**WHAT YOU SHOULD DO:** Your job is to set down the stretch of entries that opens with the line containing "Erborian Centella lágy" and closes with the line containing "Cafeteria (3hr min)". Keep both end lines, copy each exactly, and add nothing.

Dataset entries:
□ □ □ □
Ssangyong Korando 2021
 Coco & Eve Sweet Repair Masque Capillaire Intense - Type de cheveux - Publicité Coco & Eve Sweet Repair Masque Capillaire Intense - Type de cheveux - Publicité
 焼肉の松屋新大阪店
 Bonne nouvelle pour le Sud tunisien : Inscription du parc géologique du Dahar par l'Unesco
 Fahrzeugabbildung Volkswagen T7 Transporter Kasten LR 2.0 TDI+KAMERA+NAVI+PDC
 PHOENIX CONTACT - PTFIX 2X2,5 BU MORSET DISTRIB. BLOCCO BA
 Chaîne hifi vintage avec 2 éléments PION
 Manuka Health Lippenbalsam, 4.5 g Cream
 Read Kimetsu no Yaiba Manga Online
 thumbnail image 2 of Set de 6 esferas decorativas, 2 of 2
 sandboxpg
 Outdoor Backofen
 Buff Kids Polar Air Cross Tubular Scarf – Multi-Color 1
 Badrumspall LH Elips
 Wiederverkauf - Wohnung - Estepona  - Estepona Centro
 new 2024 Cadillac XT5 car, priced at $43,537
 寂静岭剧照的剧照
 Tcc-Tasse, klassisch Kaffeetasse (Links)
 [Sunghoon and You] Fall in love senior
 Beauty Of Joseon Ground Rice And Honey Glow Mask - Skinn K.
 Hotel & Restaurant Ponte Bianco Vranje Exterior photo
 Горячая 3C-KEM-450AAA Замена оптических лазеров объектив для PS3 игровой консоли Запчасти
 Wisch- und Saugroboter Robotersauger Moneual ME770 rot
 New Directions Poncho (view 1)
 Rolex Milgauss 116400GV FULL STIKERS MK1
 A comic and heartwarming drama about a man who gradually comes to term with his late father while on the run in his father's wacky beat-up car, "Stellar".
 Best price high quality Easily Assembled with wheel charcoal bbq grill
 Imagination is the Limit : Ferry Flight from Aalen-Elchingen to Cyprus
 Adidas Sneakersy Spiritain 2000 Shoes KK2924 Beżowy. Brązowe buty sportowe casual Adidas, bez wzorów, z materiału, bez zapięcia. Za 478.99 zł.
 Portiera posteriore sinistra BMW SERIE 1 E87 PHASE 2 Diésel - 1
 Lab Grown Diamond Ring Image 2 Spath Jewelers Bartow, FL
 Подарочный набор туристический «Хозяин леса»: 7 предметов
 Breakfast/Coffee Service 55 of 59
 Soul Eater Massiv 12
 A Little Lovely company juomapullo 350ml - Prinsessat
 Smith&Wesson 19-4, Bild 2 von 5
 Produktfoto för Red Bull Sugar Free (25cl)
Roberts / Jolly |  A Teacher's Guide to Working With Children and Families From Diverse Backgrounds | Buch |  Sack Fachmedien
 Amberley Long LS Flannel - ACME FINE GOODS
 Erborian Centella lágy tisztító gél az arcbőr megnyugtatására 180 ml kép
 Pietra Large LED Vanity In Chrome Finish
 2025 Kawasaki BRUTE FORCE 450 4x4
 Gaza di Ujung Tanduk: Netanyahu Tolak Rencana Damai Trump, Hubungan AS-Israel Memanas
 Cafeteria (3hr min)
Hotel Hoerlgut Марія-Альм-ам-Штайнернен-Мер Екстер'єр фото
□ □ □ □
**RESULT BELOW:**
 Erborian Centella lágy tisztító gél az arcbőr megnyugtatására 180 ml kép
 Pietra Large LED Vanity In Chrome Finish
 2025 Kawasaki BRUTE FORCE 450 4x4
 Gaza di Ujung Tanduk: Netanyahu Tolak Rencana Damai Trump, Hubungan AS-Israel Memanas
 Cafeteria (3hr min)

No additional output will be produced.